I'm not sure how many litres of stage blood we've got through

As the plays were written at different times in Shakespeare‘s career, they are tonally very different and ask to be treated as such. We allowed them to keep their own character, but we have a few visual motifs that carry through all four. The Rome trip introduced me to the statue Lion attacking a Horse that is in the Capitoline Museum. As a symbol of power through strength, it became the season emblem, starting as a heroic statue and finishing in Titus as a corporate logo on a 'Deliveroma' bicycle!
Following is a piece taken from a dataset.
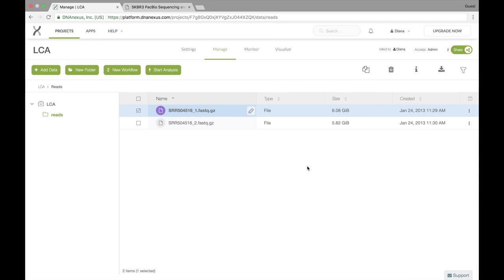So that's it for this video. In the next one, we're going to talk about how to run an app on the DNANexus platform.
Blood is a very big issue across the plays. There are many technical difficulties with blood, not least regarding costumes. Much planning was made to make the costumes in fabrics that would survive the repeated washing, but not look like they could. I'm not sure how many litres of stage blood we have got through, but as this is the Rome season it must be a big number.

The Royal Shakespeare Company’s Julius Caesar and Antony & Cleopatra play in repertoire at the Barbican Centre until Saturday 20 January 2018. Titus Andronicus will play until Friday 19 January 2018.